## [Work to be completed]
Return each record verbatim, images excluded.

## [Source data]
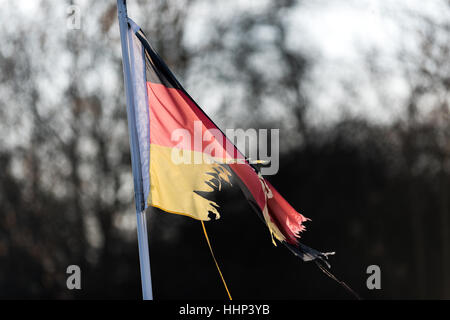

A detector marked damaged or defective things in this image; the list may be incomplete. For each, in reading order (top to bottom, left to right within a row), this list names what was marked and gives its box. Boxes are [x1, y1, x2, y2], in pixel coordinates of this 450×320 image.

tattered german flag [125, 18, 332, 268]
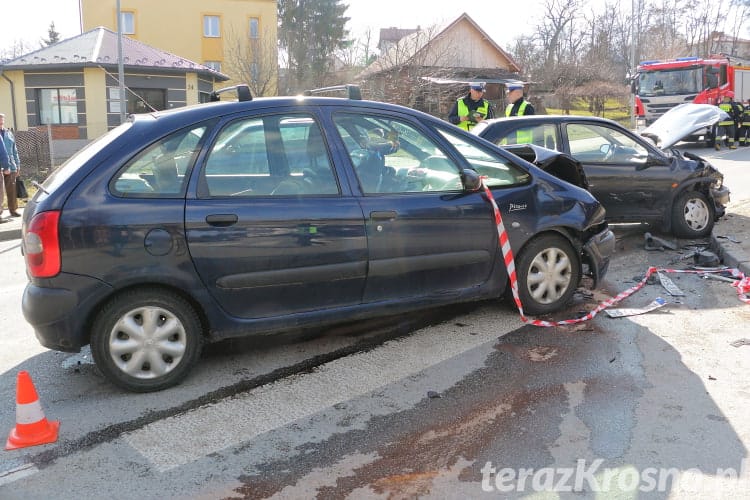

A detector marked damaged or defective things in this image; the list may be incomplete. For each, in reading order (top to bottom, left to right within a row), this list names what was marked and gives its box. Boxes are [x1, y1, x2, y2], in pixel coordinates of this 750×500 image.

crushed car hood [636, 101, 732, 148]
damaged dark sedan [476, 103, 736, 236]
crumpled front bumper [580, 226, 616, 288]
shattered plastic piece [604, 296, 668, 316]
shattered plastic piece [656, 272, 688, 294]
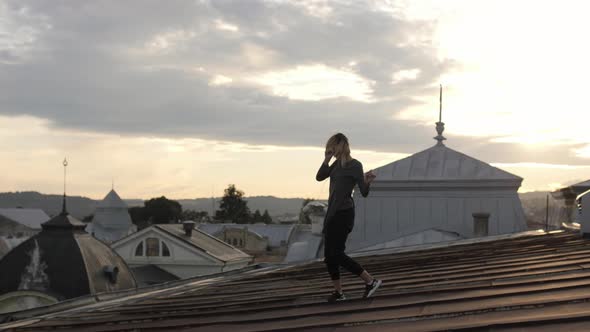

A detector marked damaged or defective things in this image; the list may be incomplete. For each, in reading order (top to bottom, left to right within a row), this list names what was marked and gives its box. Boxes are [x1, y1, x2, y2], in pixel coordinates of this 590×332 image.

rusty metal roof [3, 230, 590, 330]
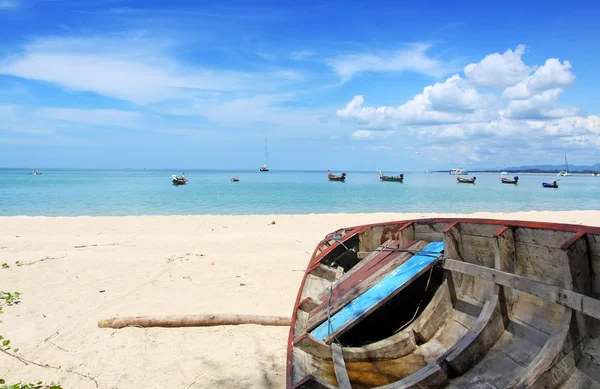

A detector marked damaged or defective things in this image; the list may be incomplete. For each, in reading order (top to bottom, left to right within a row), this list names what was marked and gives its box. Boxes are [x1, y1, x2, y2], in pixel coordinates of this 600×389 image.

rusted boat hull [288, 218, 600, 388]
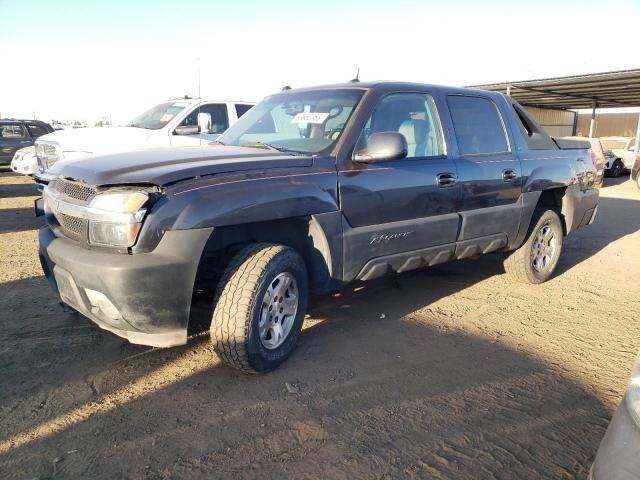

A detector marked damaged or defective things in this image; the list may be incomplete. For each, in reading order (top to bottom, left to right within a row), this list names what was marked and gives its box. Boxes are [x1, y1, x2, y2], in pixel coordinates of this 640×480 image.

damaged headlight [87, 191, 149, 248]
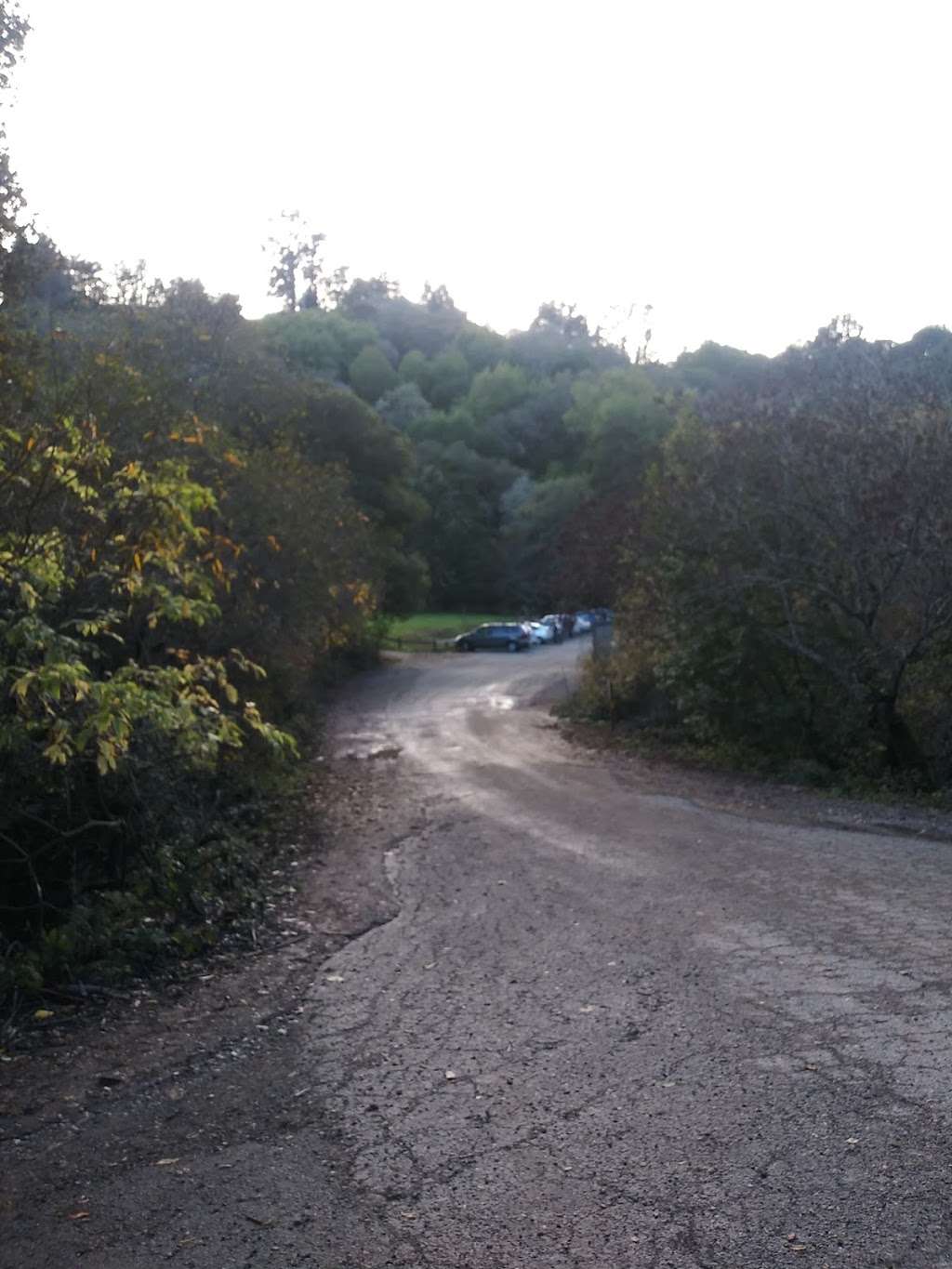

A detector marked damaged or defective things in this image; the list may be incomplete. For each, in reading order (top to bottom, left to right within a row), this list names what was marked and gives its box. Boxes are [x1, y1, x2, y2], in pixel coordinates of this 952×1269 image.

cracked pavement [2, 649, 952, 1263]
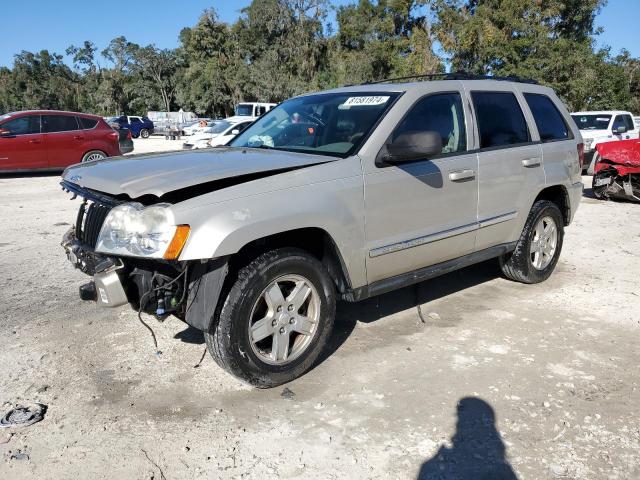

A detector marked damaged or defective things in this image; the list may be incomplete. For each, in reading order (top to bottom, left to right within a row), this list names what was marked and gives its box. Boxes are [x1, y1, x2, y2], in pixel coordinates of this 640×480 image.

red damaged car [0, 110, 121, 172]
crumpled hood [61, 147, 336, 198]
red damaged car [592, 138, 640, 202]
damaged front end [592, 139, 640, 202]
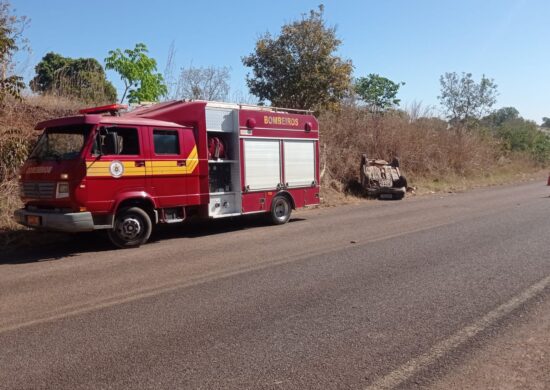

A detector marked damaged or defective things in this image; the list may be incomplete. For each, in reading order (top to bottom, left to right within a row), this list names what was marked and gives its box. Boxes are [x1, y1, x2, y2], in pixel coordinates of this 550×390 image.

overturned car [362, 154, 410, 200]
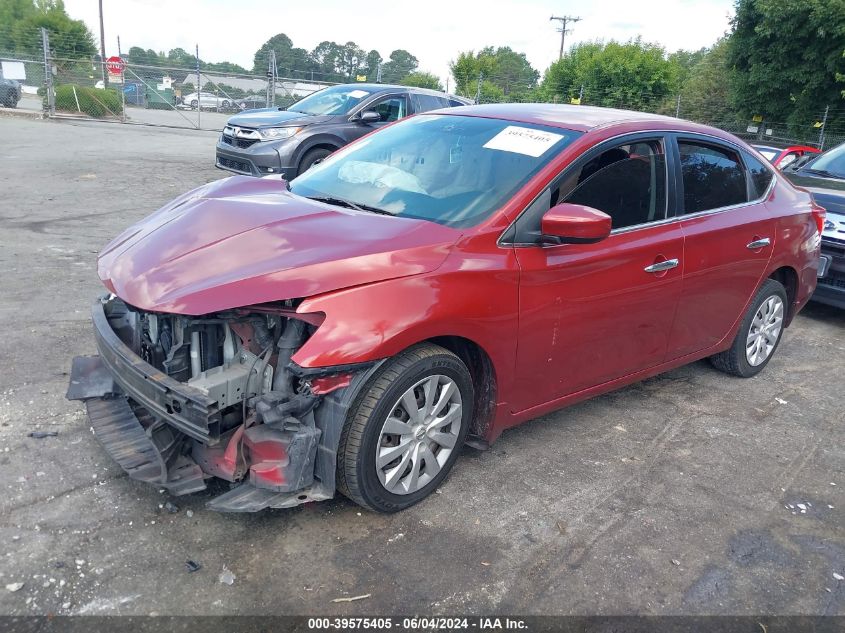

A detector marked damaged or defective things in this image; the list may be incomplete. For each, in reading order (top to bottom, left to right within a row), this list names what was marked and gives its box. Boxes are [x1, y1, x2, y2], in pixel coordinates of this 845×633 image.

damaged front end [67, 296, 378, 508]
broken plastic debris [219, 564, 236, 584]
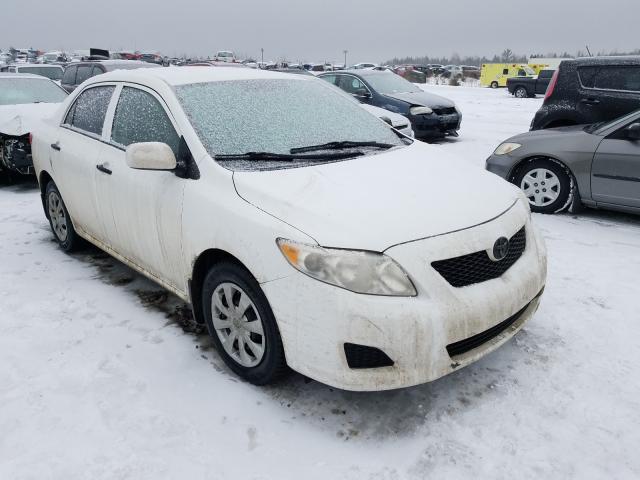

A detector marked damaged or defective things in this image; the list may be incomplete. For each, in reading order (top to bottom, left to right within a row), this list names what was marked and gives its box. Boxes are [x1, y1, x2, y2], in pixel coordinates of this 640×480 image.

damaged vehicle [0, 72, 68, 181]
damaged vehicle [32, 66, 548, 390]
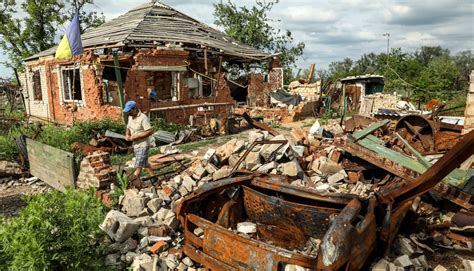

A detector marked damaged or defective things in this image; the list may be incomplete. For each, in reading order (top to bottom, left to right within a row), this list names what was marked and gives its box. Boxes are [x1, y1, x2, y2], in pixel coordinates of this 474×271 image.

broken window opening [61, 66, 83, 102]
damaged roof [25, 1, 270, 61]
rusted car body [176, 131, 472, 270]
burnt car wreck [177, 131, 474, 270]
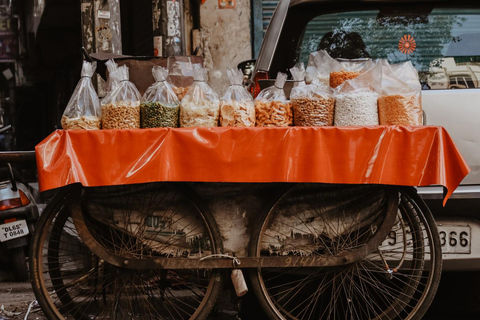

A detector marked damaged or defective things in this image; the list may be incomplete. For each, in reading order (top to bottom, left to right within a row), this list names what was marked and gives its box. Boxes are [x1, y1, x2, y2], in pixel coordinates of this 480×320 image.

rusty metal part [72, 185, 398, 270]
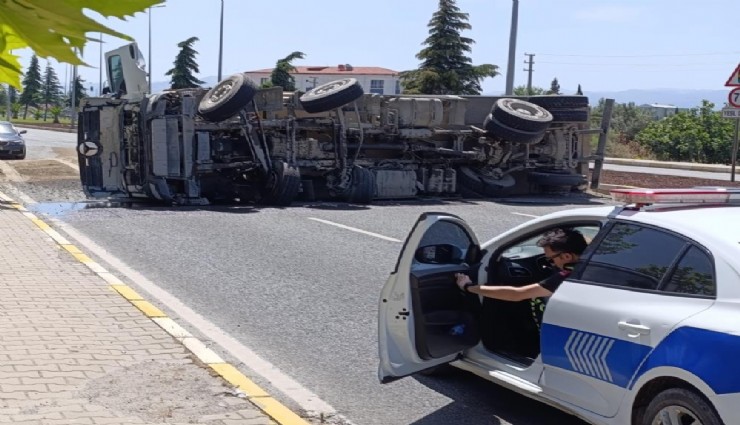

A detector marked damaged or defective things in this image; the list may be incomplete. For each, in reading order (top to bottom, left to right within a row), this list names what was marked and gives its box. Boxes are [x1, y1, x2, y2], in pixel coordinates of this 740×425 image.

## [Solution to the exercise]
A detector marked damaged or defective things in this image; the list may be incomplete. For each, in reading order (top to bottom, left to right within a row), this list names what was marked and gives its box. Boxes are [x1, y1, x2, y2], in pixel coordinates of this 450×320 image.

tattered german flag [125, 18, 332, 268]

A detector marked damaged or defective things in this image; the list may be incomplete. For each, in reading order (top to bottom, left to right within a row), this list names what was marked and gives its box. Boxes are [x1, y1, x2, y2], in pixel coordinates of this 750×500 image.

crushed car hood [636, 101, 732, 148]
damaged dark sedan [476, 103, 736, 236]
crumpled front bumper [580, 226, 616, 288]
shattered plastic piece [604, 296, 668, 316]
shattered plastic piece [656, 272, 688, 294]

A detector marked damaged or defective things in this image; the list may be incomplete. For each, in reading order (top to bottom, left to right within a row), this list names what was marked and gives its box. Boxes are [x1, y1, x2, y2], in pixel coordinates of this 590×332 image.

rusty metal roof [3, 230, 590, 330]

A detector marked damaged or defective things in this image; the list may be incomplete. For each, in reading order (top to bottom, left to right within a row), this list names what was marked and gives its box. Boxes are [x1, y1, x2, y2], in pixel coordinates of this 600×389 image.

rusted boat hull [288, 218, 600, 388]

A detector marked damaged or defective things in this image; the list may be incomplete. For each, in reading order (top to bottom, left to right within a row), this list names what was marked and gives its box. Boxes are [x1, y1, x2, y2], in pixel coordinates of this 640×480 image.

damaged headlight [87, 191, 149, 248]

A detector marked damaged or defective things in this image; the list may be incomplete. For each, in reading order (top to bottom, left to right within a row), this list names what was marked and gives its box. Boxes are [x1, y1, x2, y2], in pixel coordinates of this 952×1269 image.

cracked pavement [2, 649, 952, 1263]

A detector marked damaged or defective things in this image; the list may be incomplete. For each, in reading order (top to bottom, left to right within a row), this list names what was marked and gives its box. Boxes are [x1, y1, x2, y2], in pixel coordinates of this 640×480 image.

red damaged car [0, 110, 121, 172]
crumpled hood [61, 147, 336, 198]
red damaged car [592, 138, 640, 202]
damaged front end [592, 139, 640, 202]

A detector marked damaged or defective things in this image; the list may be incomplete. For each, in reading order (top to bottom, left to right within a row), this list names what was marked and gives its box. Boxes are [x1, y1, x2, y2], in pixel coordinates of this 550×390 image.

overturned car [362, 154, 410, 200]

A detector marked damaged or defective things in this image; the list may be incomplete. For each, in reading order (top to bottom, left to right within a row), this list names what was marked and gives its box. Boxes are [x1, y1, x2, y2], in pixel coordinates of this 845×633 image.

damaged front end [67, 296, 378, 508]
broken plastic debris [219, 564, 236, 584]

A detector marked damaged or defective things in this image; the list may be incomplete. For each, in reading order (top to bottom, left to right within a row), this list names what was marked and gives its box. Boxes are [x1, y1, x2, y2], in pixel coordinates of this 640×480 image.

damaged vehicle [0, 72, 68, 181]
damaged vehicle [32, 66, 548, 390]

A detector marked damaged or defective things in this image; the list may be incomplete. For each, in reading order (top to bottom, left to right within a row), this list names what was marked and gives its box. Boxes are [x1, y1, x2, y2], in pixel coordinates of this 474×271 image.

broken window opening [61, 66, 83, 102]
damaged roof [25, 1, 270, 61]
rusted car body [176, 131, 472, 270]
burnt car wreck [177, 131, 474, 270]

A detector marked damaged or defective things in this image; the list may be incomplete. For each, in reading order (top to bottom, left to right within a row), this list names what was marked and gives its box. Boxes are [x1, y1, x2, y2], in pixel coordinates of this 480×320 image.

rusty metal part [72, 185, 398, 270]

A detector marked damaged or defective things in this image; the list may be incomplete. For each, in reading order (top to bottom, left to right within a row), this list names what was marked and gives its box. Boxes are [x1, y1, x2, y2], in pixel coordinates of this 740×425 image.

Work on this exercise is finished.